Commissions in those days were adequate, and premiums increased fairly regularly at 5 percent to 10 percent a year, as insureds needed greater protection and carriers raised rates. Renewals could be counted on to sustain the business and the agency ownership would typically be passed within the family. Competition came primarily from other independent agencies and captive agents.
Then, the internet came along, and changes began to occur. While most agency business historically took place face-to-face, a growing number of insurers are opting to circumvent the agency distribution system by selling directly to consumers using online platforms and by phone.
More small and mid-sized agencies are finding success by joining an aggregator.
Today, auto, homeowners and small commercial insurance policies are being sold over the internet as more companies are offering individual and small business insurance policies online and customers are becoming more comfortable making purchases this way.
Of course, many agencies and brokers are still getting their share of the business, but it’s less profitable as insurers lower rates and reduce agency compensation. Even though midsize and large agencies and brokers increased their premium growth by approximately 4.5 percent in the past year (from 4.2 percent in 2016), EBITDA (earnings before interest, taxes, depreciation and amortization) grew by only 0.4 percent, according to the Reagan Consulting Group’s Organic Growth and Profitability Survey.
Someone Moved Their ‘Cheese’
Today as they look for the best way forward, owners of many independent agencies must weigh the pain against the potential gain associated with each of the following four options.
1.Go It Alone.
This route often calls for making what can be substantial investments to recruit and train personnel as well as for technology upgrades and ramped up sales and marketing efforts. Often, this can be an uphill battle when as many as 50 percent of the sales people recruited in the insurance industry fail to meet their validation (i.e.: commission vs. draw). That makes it expensive to bring in sales people, train and manage them and have them be profitable over the long-term. Firms will need significant financial and human capital resources to pursue this strategy.
2. Sell the Business.
As reported by investment banker Optis Partners in its Agent & Broker 2017 Merger & Acquisition Update, a record 600 independent U.S. property/casualty insurance agencies were sold or merged into other firms in 2017. Even though the trend reportedly has slowed this year, it remains a popular option for agency owners.

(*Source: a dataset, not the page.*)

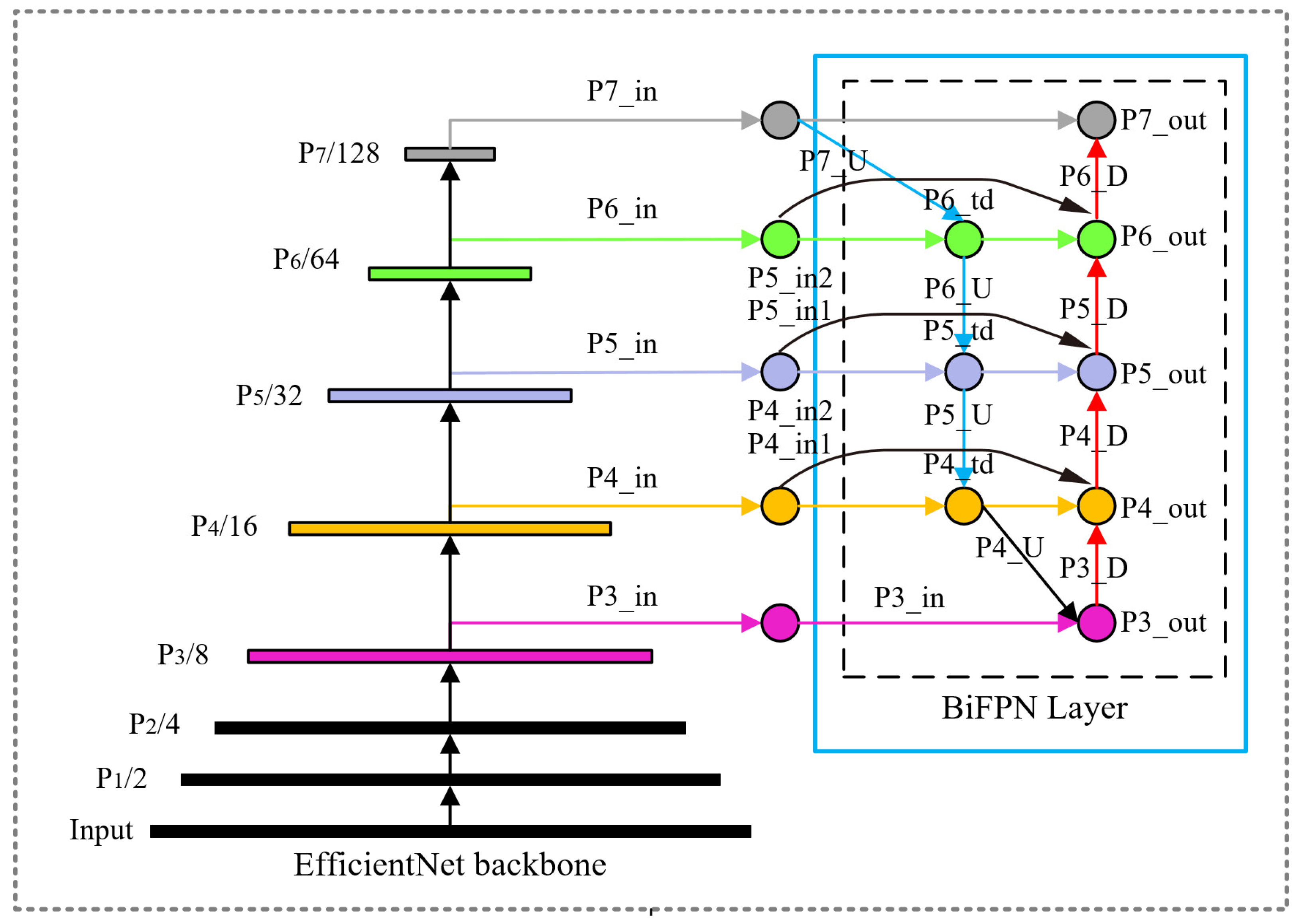 Sensors 24 05632 g008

Those facing this option must answer a difficult question: Are they selling because they want to or because they have to? While the payoff of cashing out may seem appealing, it doesn’t come without a cost. Sellers typically lose control of the direction of their business and status of their personnel, and they are often required to remain in place for a defined transition period that can be several years.
For entrepreneurs used to being owner/operators, it can be a difficult adjustment to become another firm’s employee. Sellers also may face the challenges of living on a limited budget and declining income stream as they enter their later years, especially if they retire too early. Ultimately, potential income shortfalls may mean lifestyle compromises as they enter retirement and grow older. Notably, 40 percent of those retiring at age 65 have gone back to work, according to a 2017 study by RAND Corporation.
3. Managed Decline.
This strategy calls for accepting the fact that without making necessary investments in the agency, it will lose business and shrink in size. As sales decline, agencies going this route reduce expenses and maintain margins until the firm sells what’s left over or closes its doors. In the early stages of this strategy, an agency may be able to maintain its income. As the company’s revenue stream declines, it’s reducing overhead. By saving and investing some of the profits, the owner can prepare for retirement and remain self-employed. The longer the owner works, the longer he/she can delay living off of retirement savings.

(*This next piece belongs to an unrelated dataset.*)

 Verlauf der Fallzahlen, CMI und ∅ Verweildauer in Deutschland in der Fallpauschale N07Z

4. Pursue Growth with Assistance.
More small and mid-sized agencies are finding success by joining an aggregator, which enables them to remain independent while achieving stability and growth. The larger aggregators offer additional markets, ongoing staff training and higher commissions. This concept works well in conjunction with options one and three above.
Today, 25-to-30 percent of independent agencies in the U.S. are part of a network. As agency leaders revisit their business strategies to address the realities of the current environment, they might explore how working with an aggregator can help them reach their goals.